** DATA SHOWN **
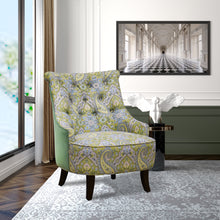 Load image into Gallery viewer, 27.5&quot; Wide Pattern Upholstered Wingback chair-PEARCE
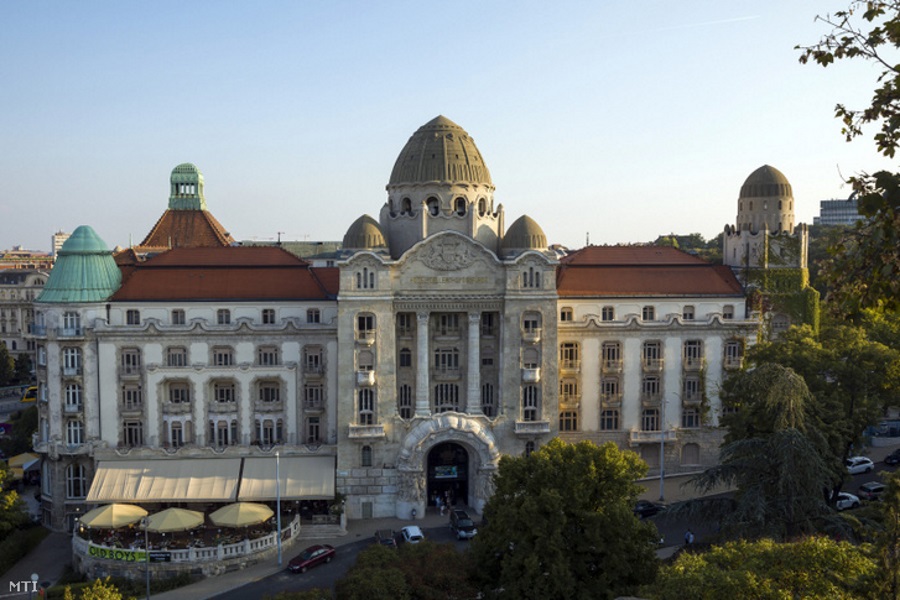 Gellért Hotel Budapest Bought by Orbán's Son-in-Law's Company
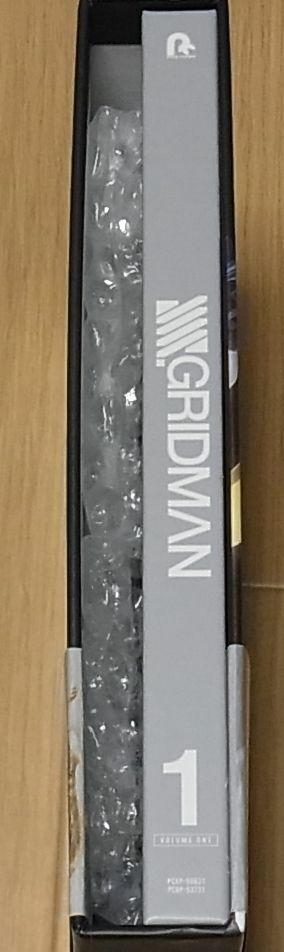 SSSS.GRIDMAN Blu-ray vol.1 & Characters Drama CD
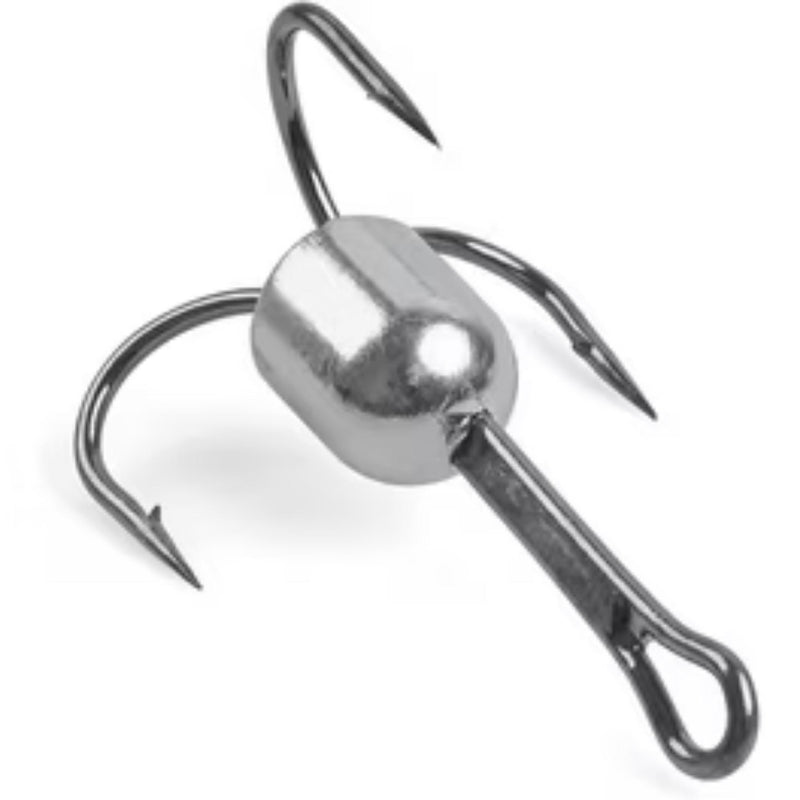 big tri fish hook Leaded Treble Snag Hooks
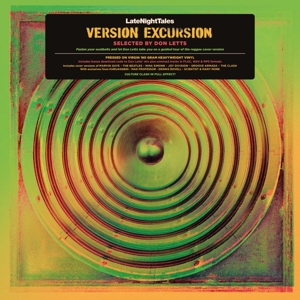 CD Shop - LETTS, DON LATE NIGHT TALES PRESENTS VERSION EXCURSION SELECTED BY DON LETT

** EXERCISE DESCRIPTION **
With all pictures omitted, return the lines from the line containing "Gellért Hotel Budapest" through the closing line of the listing above, exactly and inclusive.

** TASK RESPONSE **
 Gellért Hotel Budapest Bought by Orbán's Son-in-Law's Company
 SSSS.GRIDMAN Blu-ray vol.1 & Characters Drama CD
 big tri fish hook Leaded Treble Snag Hooks
 CD Shop - LETTS, DON LATE NIGHT TALES PRESENTS VERSION EXCURSION SELECTED BY DON LETT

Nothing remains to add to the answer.